[Mailman-Developers] Re: Code formatting tools for Mailman project

2022-10-31 Thread Stephen J. Turnbull
Abhilash Raj writes:
 > I don't see the tools actually supporting formatting only-diffs.

I don't know if git diff supports everything GNU diff does but
--ignore-all-space would likely help quite a bit.

It shouldn't be that hard to write a blue-diff command for git:

1.  create a temporary branches at the relevant commits
2.  for each temporary branch
2.1 checkout the branch
2.2 run blue on the relevant .py files and commit
3.  diff the temparary branches and save the output
4.  delete the temporary branches

I don't know if this would help in practice, but the theory seems
good.

Scripting that should be easy, and I can test it on the Postorius
code.  I'm not going to get to it before December, though, so if you
want to do it first :-D

 > It _can_ be done by piping all the updated files to `blue` command,
 > but then reverting style changes in parts of file where there
 > wasn't any real change made would be more work than just fixing the
 > flake8 errors manually.

Is that necessary?  Since the desired result is reformatted files
without impairing the ability to diff, why would we revert the style
changes?

 > I am trying to think if we can make that process better, after making a 
 > one-time code formatting change, through tooling or alternative commands 
 > to grok the diffs.

Additional tools to parse the diffs might be useful.  Another
possibility would be to diff the AST. :-O

 > Are you usually looking for just anything that looks odd or typically 
 > any kind of difference that looks suspicious or just trying to learn the 
 > differences?

Both of those are common.  Typically it's something where I can't come
up with a bisectable test, eg, a GUI regression.  Then it's wait for
rebuild, fire up the app, mess with the GUI, repeat ... so I don't
actually bisect, once I have a bracket I just take that diff.

 > Can just comparing the commits/commit messages?

git diff --stat often helps isolate to a file.

 > or Merge Requests merged since the feature branch would help since
 > we mandate all changes go through MR workflow?

I don't see how that helps if you're looking at a dozen commits
touching that file on main.

 > I don't know if I can speak much about comparing raw diffs, because I 
 > very rarely end up doing that.

I try to avoid it, but about even in the large code bases I know best
(XEmacs, Lisp and C) half the time I end up looking at diffs.

 > I am usually looking at commit level data and looking for MRs that
 > last changed the point I am interested in with `git-blame` for some
 > contextual data around the MR. Merge commits have the MR no to
 > easily track where the change came from.

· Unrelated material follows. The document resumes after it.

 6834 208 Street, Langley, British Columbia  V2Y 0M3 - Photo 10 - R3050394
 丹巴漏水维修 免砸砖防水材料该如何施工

I rarely can pinpoint the relevant code without a diff, though.  Most
of the time the bad data is several frames up the stack, and was
generated far from the visible error.

Also, you and I are likely to be working on code we just wrote or
reviewed.  We need to consider the drive-by contributor who is not
going to know our code well.

Steve
___
Mailman-Developers mailing list -- mailman-developers@python.org
To unsubscribe send an email to mailman-developers-le...@python.org
https://mail.python.org/mailman3/lists/mailman-developers.python.org/
Mailman FAQ: https://wiki.list.org/x/AgA3

Security Policy: https://wiki.list.org/x/QIA9


[Mailman-Developers] Re: Code formatting tools for Mailman project

2022-10-31 Thread Abhilash Raj

On 10/28/22 00:04, Stephen J. Turnbull wrote:

Abhilash Raj writes:
  > I am not sure I understand this part. Do you mean to say we'd be getting
  > too may PRs with "formatting-only" changes?

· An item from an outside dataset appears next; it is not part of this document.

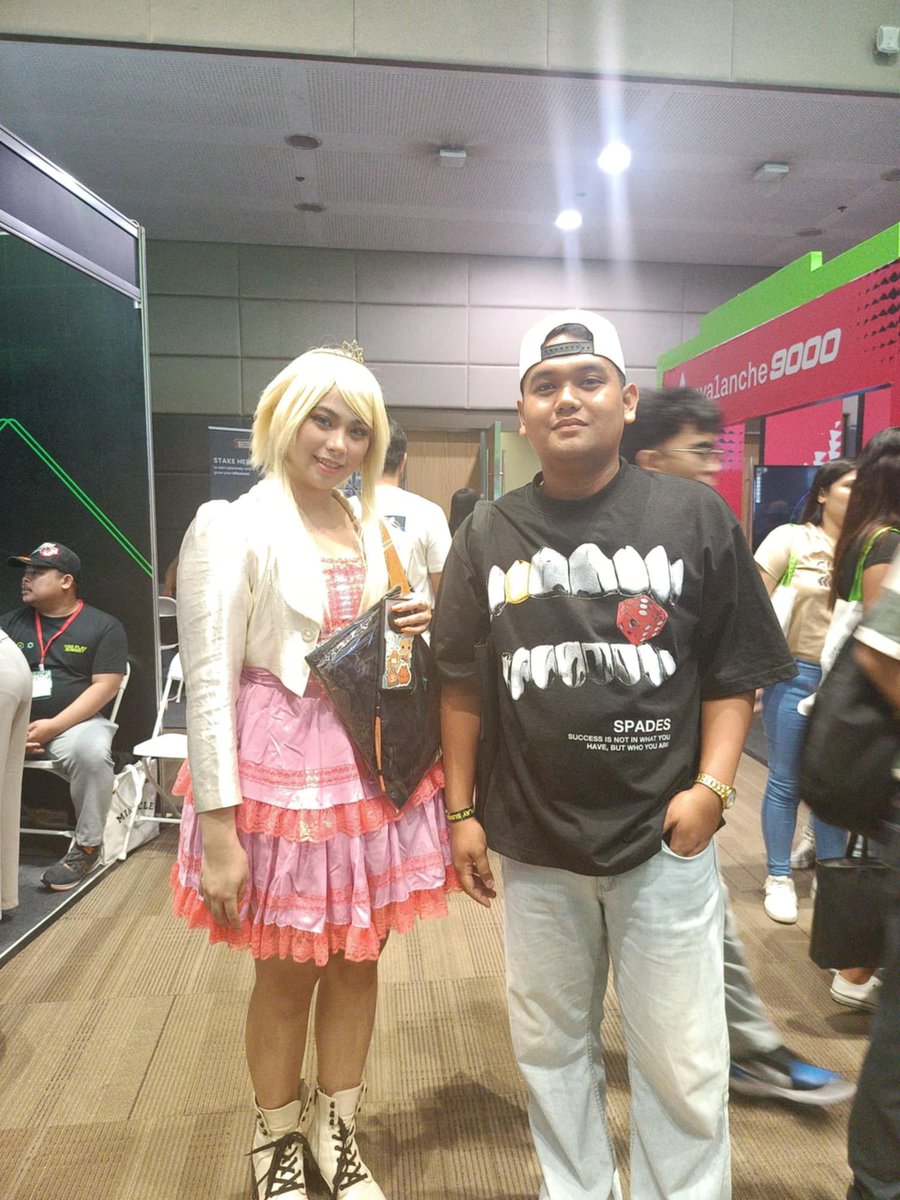 yayanteng27's tweet photo. First time attending YGG PLAY SUMMIT and it's a great experience LFG!! So my favorite booth  and games while attending in YGG PLAY SUMMIT is SIPHER ODYSSEY because playing sipher is fun #YPS2024, #TogetherWePlay, #YGGGAPS8  #LFP @playSIPHER https://t.co/T5pV3bLOcN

No, I mean the diffs we do to localize errors.  The day after you
merge the reformatting PR, anybody who wants to identify a regression
since Postorius 1.3.7 is going to get as many lines of " -> ' as they
do of code changes.  Half the time what appears to be a regression
from future 1.3.8 to HEAD is going to turn out to be older than the
reformat merge, same problem just less frequent.  It gets less
frequent over time, but it will take quite a while before the reformat
merge consistently contributes less than 10% of changes, I expect.


Ah, I get your point now. And, I agree with you that it would make it 
difficult to compare raw diffs.



  > Currently, my thought is to do a one-time format for the entire codebase
  > and then add "blue --check" as a part of the "qa" CI gate. Then, for
  > each subsequent MR that follows, people would need to run "tox -e
  > format" before they commit and create MR. The hope there is also

Yes, this is a great idea for new files, or files you're refactoring
to death anyway.  But it has a potentially large downside of turning
diffs that should be one-line changes into rafts of fixquote changes.

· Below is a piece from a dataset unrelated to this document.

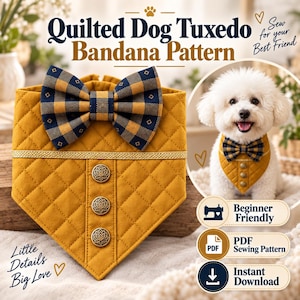 Op de afbeelding: Een gewatteerde mosterdgele hondensjaal met een marineblauwe en gouden geruite vlinderdas, een horizontale gouden bies en drie ronde knopen met een bloemmotief. De afbeelding bevat de tekst Quilted Dog Tuxedo Bandana Pattern, Beginner Friendly, PDF Sewing Pattern en Instant Download.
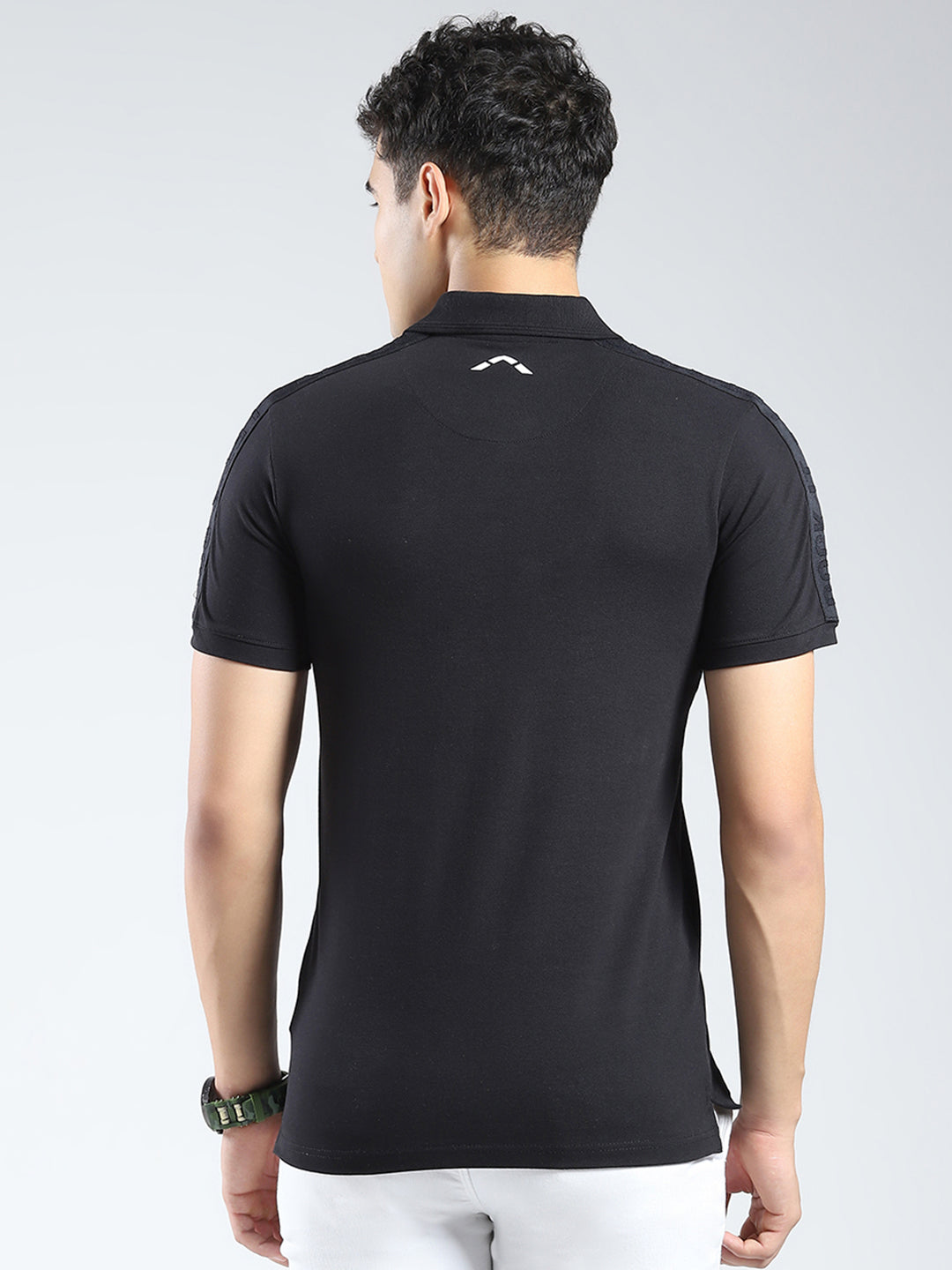 Rock.it Men Black Solid Collar Half Sleeve T-Shirt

I don't see the tools actually supporting formatting only-diffs. It 
_can_ be done by piping all the updated files to `blue` command, but 
then reverting style changes in parts of file where there wasn't any 
real change made would be more work than just fixing the flake8 errors 
manually.


It sounds all-or-nothing kind of scenario when it comes to formatting 
tools, blue/black at least from what I can see.



  > My motivation here is to not have to push "oops, make flake8 gods happy"
  > commits on top of my PRs and not have to worry about it when writing code.
  >
  > While it isn't too huge of an issue, it is still manual effort that I
  > feel can be automated to reduce some work and save time.

Sure, but doing it globally also makes some work.  The question is
does it make more work (and annoyance) for everybody who does diffs
than is experienced by the developer who needs to make a flake8
commit?  I do a lot more diffs on Mailman than I do commits.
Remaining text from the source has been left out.